Sa démarche critique s’appuie sur le rire. N’ayant pas les moyens de « vérifier » les expériences ni de contester les procédures (puisqu’il n’est pas lui-même formé aux disciplines de la science dite dure), David Monnier se contente de passer les études au crible d’un bon sens assaisonné d’humour. Sa méthode consiste, dans un premier temps, à relire d’un œil caustique quelques-unes des théories les plus médiatisées de ces dernières années.

La survie de l’espèce ?!

Prenons l’étude sur « la fertilité des femmes qui rend les hommes éloquents », par exemple. Elle date de février 2012. Elle démontre que « plus la femme est fertile, plus l’homme utilise des phrases différentes et variées ». Pour les auteurs de cette étude (Jacqueline M. Coyle et Michael P. Kaschak), il s’agit de vérifier que l’homme ne fait aucun effort de séduction, sauf lorsqu’une femme est fertile. « D’ordinaire, il préfère rester entre hommes au travail ou assis sur son canapé à regarder du sport à la télé. Toutefois, lorsqu’il sent qu’elle est fertile — ne me demandez pas comment —, il fait attention à elle », résume David Monnier, qui souligne l’aspect absurde du raisonnement. Pour les savants, il semble évident que le mâle humain possède un flair inouï : il peut renifler les ovules. Bizarrement, aucune étude n’a été faite dans l’autre sens. Les femmes peuvent-elles « renifler » les spermatozoïdes ? Ont-elles la capacité de « deviner » si un homme est fertile ou pas ? Non. « Autrement dit, la moitié des humains s’en fout de la survie de l’espèce! » s’étonne l’auteur.

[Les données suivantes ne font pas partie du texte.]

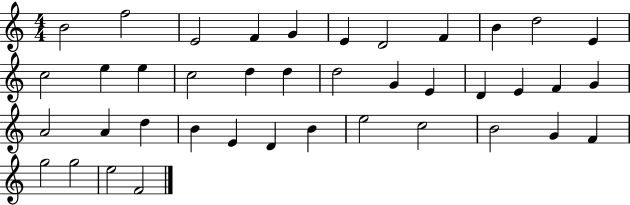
B4/h F5/h E4/h F4/q G4/q E4/q D4/h F4/q B4/q D5/h E4/q C5/h E5/q E5/q C5/h D5/q D5/q D5/h G4/q E4/q D4/q E4/q F4/q G4/q A4/h A4/q D5/q B4/q E4/q D4/q B4/q E5/h C5/h B4/h G4/q F4/q G5/h G5/h E5/h F4/h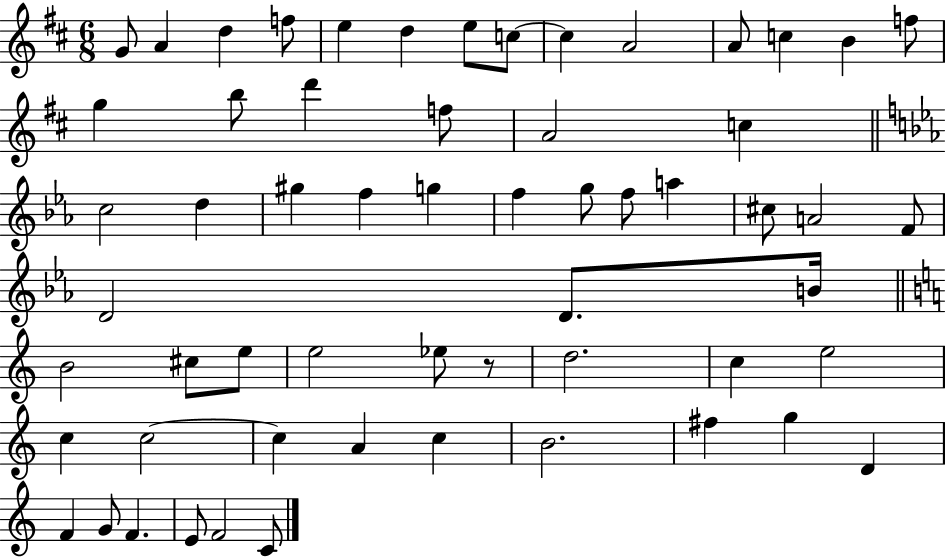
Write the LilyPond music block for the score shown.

{
  \clef treble
  \numericTimeSignature
  \time 6/8
  \key d \major
  g'8 a'4 d''4 f''8 | e''4 d''4 e''8 c''8~~ | c''4 a'2 | a'8 c''4 b'4 f''8 | \break g''4 b''8 d'''4 f''8 | a'2 c''4 | \bar "||" \break \key ees \major c''2 d''4 | gis''4 f''4 g''4 | f''4 g''8 f''8 a''4 | cis''8 a'2 f'8 | \break d'2 d'8. b'16 | \bar "||" \break \key c \major b'2 cis''8 e''8 | e''2 ees''8 r8 | d''2. | c''4 e''2 | \break c''4 c''2~~ | c''4 a'4 c''4 | b'2. | fis''4 g''4 d'4 | \break f'4 g'8 f'4. | e'8 f'2 c'8 | \bar "|."
}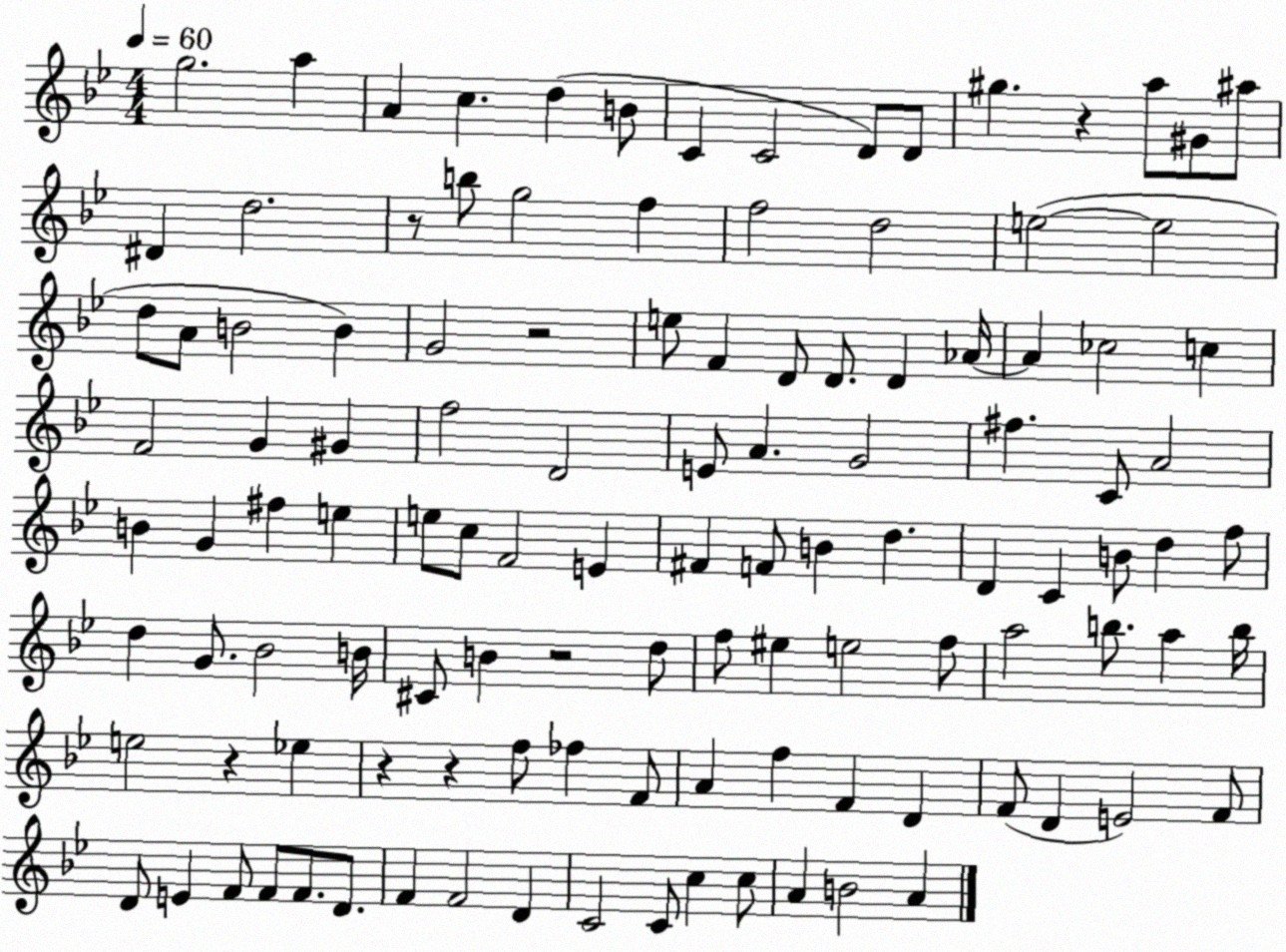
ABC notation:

X:1
T:Untitled
M:4/4
L:1/4
K:Bb
g2 a A c d B/2 C C2 D/2 D/2 ^g z a/2 ^G/2 ^a/2 ^D d2 z/2 b/2 g2 f f2 d2 e2 e2 d/2 A/2 B2 B G2 z2 e/2 F D/2 D/2 D _A/4 _A _c2 c F2 G ^G f2 D2 E/2 A G2 ^f C/2 A2 B G ^f e e/2 c/2 F2 E ^F F/2 B d D C B/2 d f/2 d G/2 _B2 B/4 ^C/2 B z2 d/2 f/2 ^e e2 f/2 a2 b/2 a b/4 e2 z _e z z f/2 _f F/2 A f F D F/2 D E2 F/2 D/2 E F/2 F/2 F/2 D/2 F F2 D C2 C/2 c c/2 A B2 A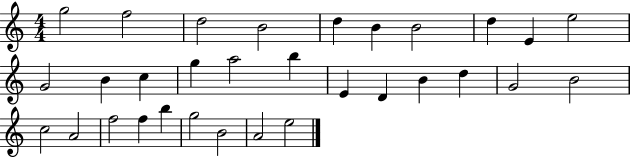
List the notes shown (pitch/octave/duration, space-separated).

G5/h F5/h D5/h B4/h D5/q B4/q B4/h D5/q E4/q E5/h G4/h B4/q C5/q G5/q A5/h B5/q E4/q D4/q B4/q D5/q G4/h B4/h C5/h A4/h F5/h F5/q B5/q G5/h B4/h A4/h E5/h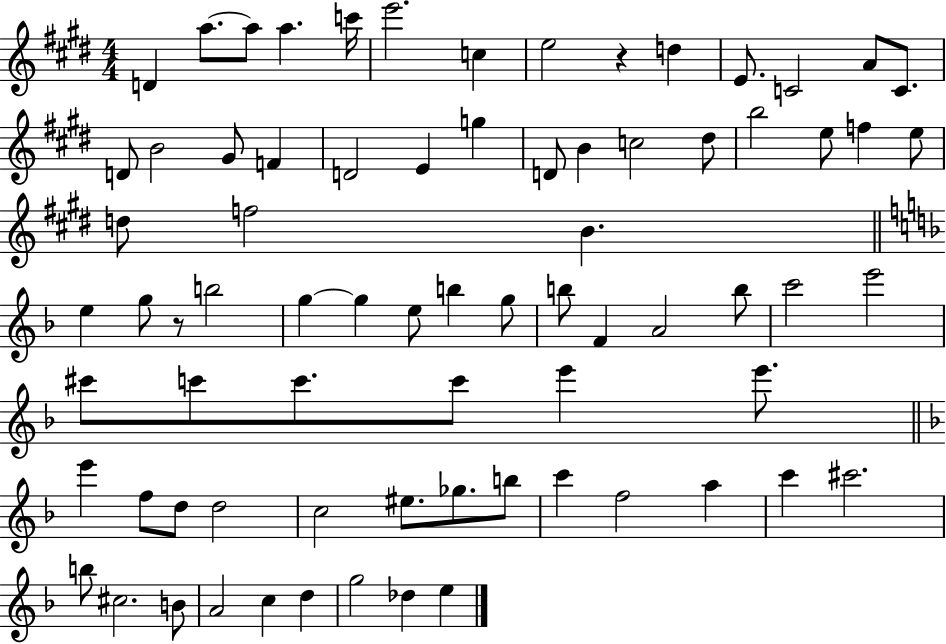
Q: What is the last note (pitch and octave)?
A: E5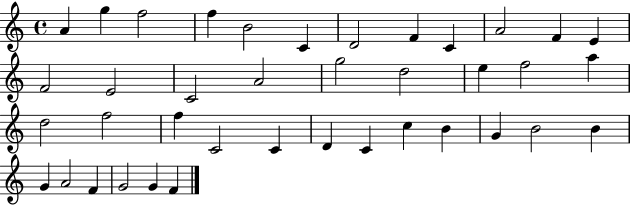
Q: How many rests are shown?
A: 0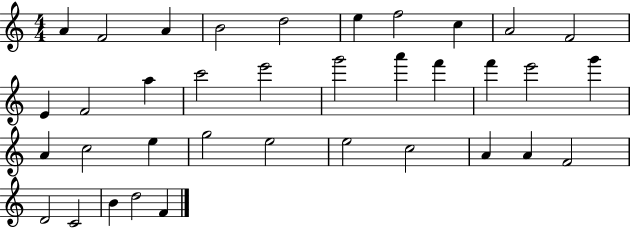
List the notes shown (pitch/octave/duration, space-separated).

A4/q F4/h A4/q B4/h D5/h E5/q F5/h C5/q A4/h F4/h E4/q F4/h A5/q C6/h E6/h G6/h A6/q F6/q F6/q E6/h G6/q A4/q C5/h E5/q G5/h E5/h E5/h C5/h A4/q A4/q F4/h D4/h C4/h B4/q D5/h F4/q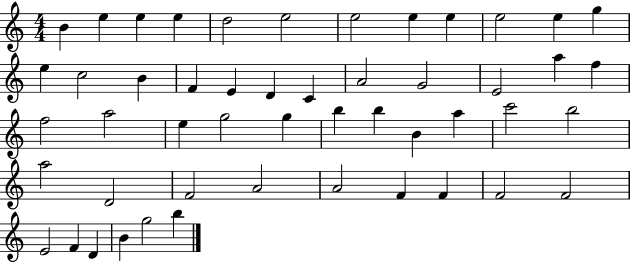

Homme babouin, femme louve

Poussant plus loin la critique, David Monnier s’amuse ensuite à fournir le mode d’emploi des études « scientifiques ». Dans la plus pure tradition machiste, elles accordent toutes au mâle le rôle du prédateur. Sa stratégie : « Je sème à tout vent. » Sa vocation naturelle : polygame. Incapable de réfréner sa volonté de reproduction, l’homme semble n’avoir qu’un seul but : que ses gènes envahissent le monde. Il est hypercompétitif. Quant à la femme, bien sûr, « victime de ses hormones », et (comme de bien entendu) incapable de se débrouiller seule dans la vie, elle ne songe qu’à trouver le parfait mari-papa qui saura la protéger. Le modèle implicite est celui de « la femme loup-garou », souligne le psychologue. « Au quatorzième jour du cycle menstruel, le pic d’hormone lutéinisante sert de signal, presque de réflexe, pour aller à la chasse à l’homme dominant. » Brusquement métamorphosée, la femme enfile ses plus beaux atours et — sans même s’en rendre compte — parle d’une voix plus aiguë, en faisant des gestes plus lascifs. « Elle est assimilée à un animal en chaleur », résume David Monnier, qui dénonce l’aspect profondément toxique de ces études légitimant les pires clichés.

Les savants sur le divan

Quand les scientifiques prétendent nous expliquer comment/pourquoi nous tombons amoureux-ses, ils ne font pas que nous rabaisser : ils essaient d’évacuer cette part de réalité subjective qui pourtant résiste. La vie ? Lorsque nous nous ouvrons à cette évidence — que le désir n’est pas un automatisme — les théories des pseudo-experts prennent les allures d’invocations stériles et lacunaires. Des voix intérieures, c’est « ce qui manque à la science pour être à la hauteur de ses propres espérances », dit l’auteur. Après quoi, mettant les savants sur le divan, il dénonce la pauvreté de leurs schémas. D’un côté le winner, tringlant à tout va en bon petit soldat de l’évolution ; d’un autre côté la génitrice hystérique, dominée par le besoin de « rentabiliser » ses œufs… Nos émotions sont-elles solubles dans cette conception du monde ? Est-il juste de penser que tout cela est rationnel ? Compte tenu de la surpopulation, les « logiques » génitales de l’humanité (curieusement calquées sur les principes du darwinisme social propre aux idéologies néolibérales) ne semblent guère mener nulle part qu’à l’extinction. Ce qui reflète bien la dimension mortifère de ces théories.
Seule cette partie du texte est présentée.